Required work:
Through the end of the data below, output every line exactly, beginning with the line that contains "Charming Golf Course".

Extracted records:
——

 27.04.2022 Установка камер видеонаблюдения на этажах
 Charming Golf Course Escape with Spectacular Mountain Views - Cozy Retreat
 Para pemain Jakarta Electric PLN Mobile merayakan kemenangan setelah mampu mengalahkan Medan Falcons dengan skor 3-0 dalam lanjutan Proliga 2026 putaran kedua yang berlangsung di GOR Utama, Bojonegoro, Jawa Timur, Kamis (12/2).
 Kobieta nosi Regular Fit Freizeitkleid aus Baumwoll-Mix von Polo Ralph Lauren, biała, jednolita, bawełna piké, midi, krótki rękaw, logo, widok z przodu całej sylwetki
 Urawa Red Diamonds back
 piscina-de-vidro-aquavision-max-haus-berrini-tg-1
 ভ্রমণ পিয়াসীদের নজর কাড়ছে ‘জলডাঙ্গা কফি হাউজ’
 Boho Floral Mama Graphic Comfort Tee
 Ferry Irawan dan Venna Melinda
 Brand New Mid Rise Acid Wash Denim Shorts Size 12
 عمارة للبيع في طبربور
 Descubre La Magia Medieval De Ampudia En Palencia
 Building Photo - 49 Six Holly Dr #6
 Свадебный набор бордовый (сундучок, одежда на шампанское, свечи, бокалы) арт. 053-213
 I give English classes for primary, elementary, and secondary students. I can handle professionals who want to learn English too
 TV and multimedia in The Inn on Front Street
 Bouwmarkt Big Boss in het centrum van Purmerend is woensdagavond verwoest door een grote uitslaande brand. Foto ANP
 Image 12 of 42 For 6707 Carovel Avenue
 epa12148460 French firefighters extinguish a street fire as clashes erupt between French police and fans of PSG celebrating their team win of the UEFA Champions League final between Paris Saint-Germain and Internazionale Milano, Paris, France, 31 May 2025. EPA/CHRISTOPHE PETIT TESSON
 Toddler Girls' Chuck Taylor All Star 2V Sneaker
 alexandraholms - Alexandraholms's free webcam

——

Result for this exercise:
 Charming Golf Course Escape with Spectacular Mountain Views - Cozy Retreat
 Para pemain Jakarta Electric PLN Mobile merayakan kemenangan setelah mampu mengalahkan Medan Falcons dengan skor 3-0 dalam lanjutan Proliga 2026 putaran kedua yang berlangsung di GOR Utama, Bojonegoro, Jawa Timur, Kamis (12/2).
 Kobieta nosi Regular Fit Freizeitkleid aus Baumwoll-Mix von Polo Ralph Lauren, biała, jednolita, bawełna piké, midi, krótki rękaw, logo, widok z przodu całej sylwetki
 Urawa Red Diamonds back
 piscina-de-vidro-aquavision-max-haus-berrini-tg-1
 ভ্রমণ পিয়াসীদের নজর কাড়ছে ‘জলডাঙ্গা কফি হাউজ’
 Boho Floral Mama Graphic Comfort Tee
 Ferry Irawan dan Venna Melinda
 Brand New Mid Rise Acid Wash Denim Shorts Size 12
 عمارة للبيع في طبربور
 Descubre La Magia Medieval De Ampudia En Palencia
 Building Photo - 49 Six Holly Dr #6
 Свадебный набор бордовый (сундучок, одежда на шампанское, свечи, бокалы) арт. 053-213
 I give English classes for primary, elementary, and secondary students. I can handle professionals who want to learn English too
 TV and multimedia in The Inn on Front Street
 Bouwmarkt Big Boss in het centrum van Purmerend is woensdagavond verwoest door een grote uitslaande brand. Foto ANP
 Image 12 of 42 For 6707 Carovel Avenue
 epa12148460 French firefighters extinguish a street fire as clashes erupt between French police and fans of PSG celebrating their team win of the UEFA Champions League final between Paris Saint-Germain and Internazionale Milano, Paris, France, 31 May 2025. EPA/CHRISTOPHE PETIT TESSON
 Toddler Girls' Chuck Taylor All Star 2V Sneaker
 alexandraholms - Alexandraholms's free webcam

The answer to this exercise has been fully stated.